■ TASK DATA ■
###

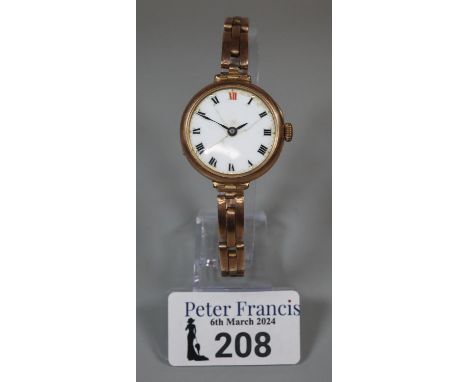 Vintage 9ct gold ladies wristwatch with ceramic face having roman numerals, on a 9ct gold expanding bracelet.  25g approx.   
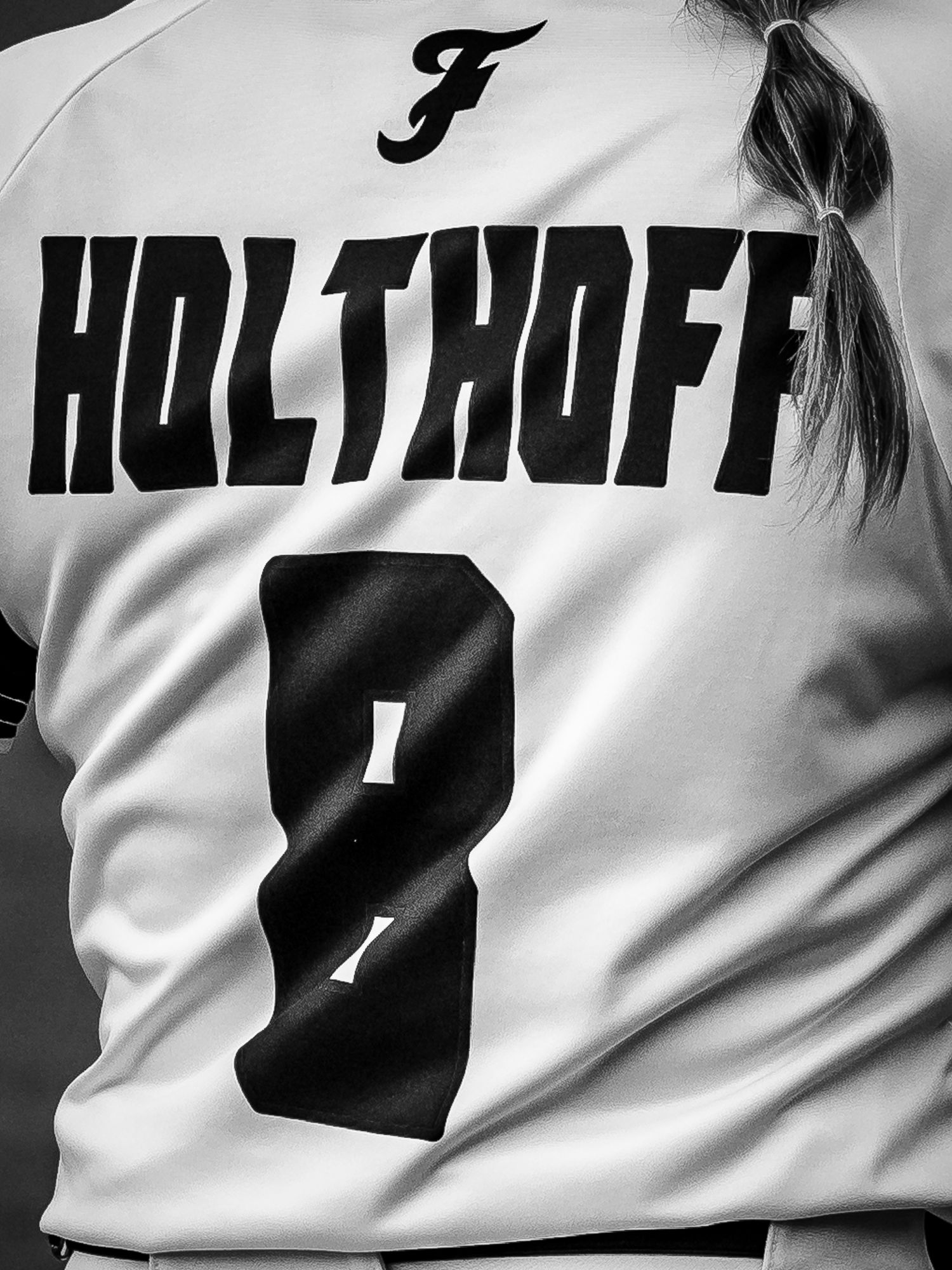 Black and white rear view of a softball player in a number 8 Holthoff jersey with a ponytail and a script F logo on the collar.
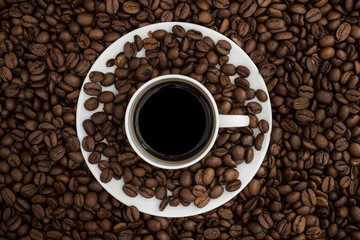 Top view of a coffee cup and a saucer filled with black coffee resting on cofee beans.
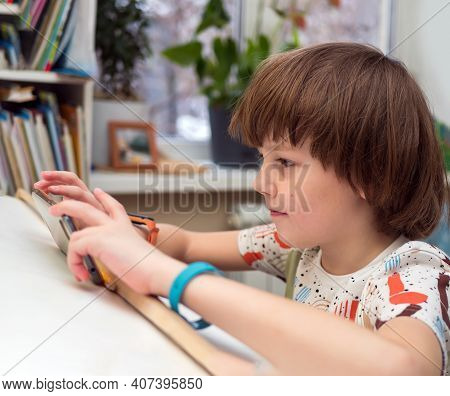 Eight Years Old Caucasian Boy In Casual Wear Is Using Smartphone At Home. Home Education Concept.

###

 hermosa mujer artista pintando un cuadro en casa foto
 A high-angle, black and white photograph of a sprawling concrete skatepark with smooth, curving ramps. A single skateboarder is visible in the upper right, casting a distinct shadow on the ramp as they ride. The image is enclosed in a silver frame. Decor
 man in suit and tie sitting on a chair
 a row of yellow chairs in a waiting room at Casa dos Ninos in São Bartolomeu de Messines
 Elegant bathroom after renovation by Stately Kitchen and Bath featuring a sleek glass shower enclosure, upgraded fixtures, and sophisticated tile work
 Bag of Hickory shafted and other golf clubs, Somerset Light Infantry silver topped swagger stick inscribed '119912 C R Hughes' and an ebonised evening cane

###

■ TRY IT ■
Set down word for word the lines above from the one with "Vintage 9ct gold" up to and including the one with "Eight Years Old". Omit every picture.

■ EXERCISE RESULT ■
 Vintage 9ct gold ladies wristwatch with ceramic face having roman numerals, on a 9ct gold expanding bracelet.  25g approx.   
 Black and white rear view of a softball player in a number 8 Holthoff jersey with a ponytail and a script F logo on the collar.
 Top view of a coffee cup and a saucer filled with black coffee resting on cofee beans.
 Eight Years Old Caucasian Boy In Casual Wear Is Using Smartphone At Home. Home Education Concept.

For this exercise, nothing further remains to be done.